Ajit Pai tries to kill San Francisco’s attempt to spur broadband competition - JaimeThompson
https://arstechnica.com/tech-policy/2019/06/ajit-pai-tries-to-kill-san-franciscos-attempt-to-spur-broadband-competition/
======
rayiner
The article distorts what the dispute is actually about:

> The ordinance only applies when the inside wiring belongs to the property
> owner. Under the rule, property owners who have outfitted their buildings
> with Internet wiring cannot deny access to ISPs, making it harder for them
> to strike exclusive deals with Internet providers.

If you read the NPRM
([https://docs.fcc.gov/public/attachments/DOC-358068A1.pdf](https://docs.fcc.gov/public/attachments/DOC-358068A1.pdf),
starting at paragraph 11), you’ll see that you’re not necessarily talking
about scenarios, as the article implies, where the building owns the wires
because it paid to install the wires. In many scenarios, the building owner
technically owns the wiring, but the service provider made the original
investment in wiring the building and entered into a contractual arrangement
to recoup the initial investment.

Consider the Interstate 66 express lanes into DC. In that project, private
investors paid to build the new freeways, but the State owns the road. What
the investors got in return is the exclusive right to operate the toll system
for 50 years, plus a cut of the toll revenue. If you eliminate the exclusivity
provision as anti-competitive, you’ve totally overturned the original bargain.

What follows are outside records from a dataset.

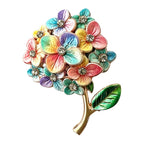 Colorful Enamel Hydrangea Brooch — Green & Pink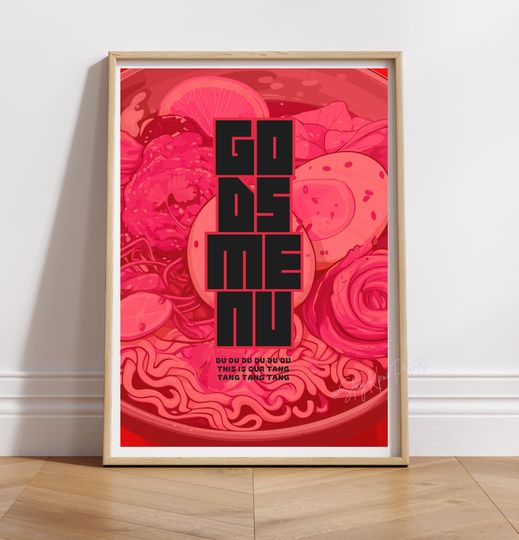 Stray Kids God's Menu Print, SKZ Music Poster, Kpop Kitchen Wall Art, Korean Ramen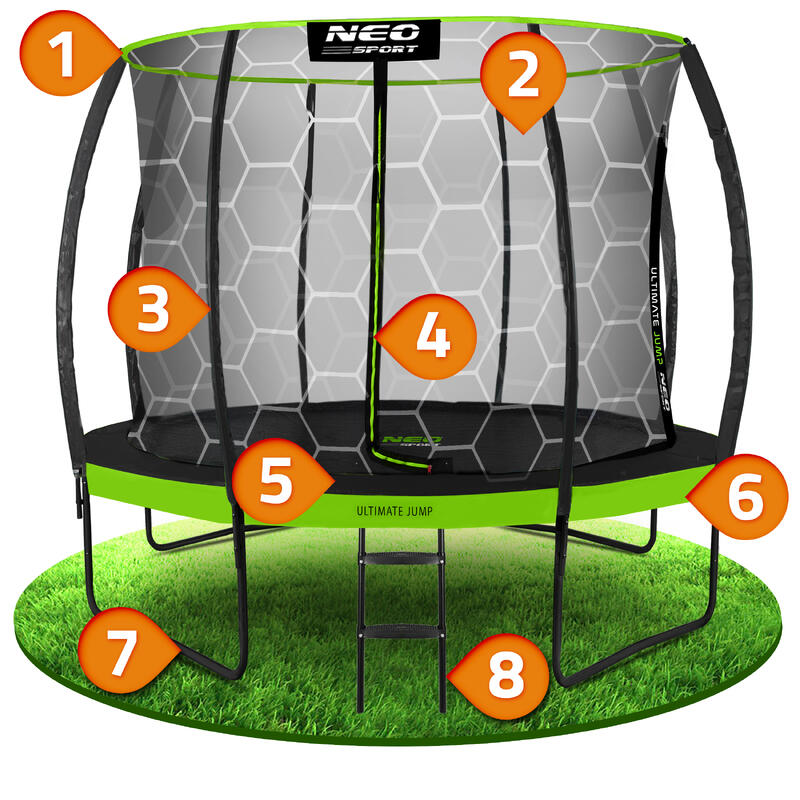 Trampolina ogrodowa Neo-Sport NS-10C221 Circle 312cm/10ft z siatką wewnętrzną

Maybe that sort of deal was a bad idea to begin with and shouldn’t have been
allowed. But overturning those contractual arrangements after the fact creates
real problems. (And note that no government entity pays or subsidizes
companies to wire up apartment buildings in San Francisco, so that angle isn’t
relevant here.)

The solution is probably, as a matter of building codes, to require MDUs to be
wired with Ethernet.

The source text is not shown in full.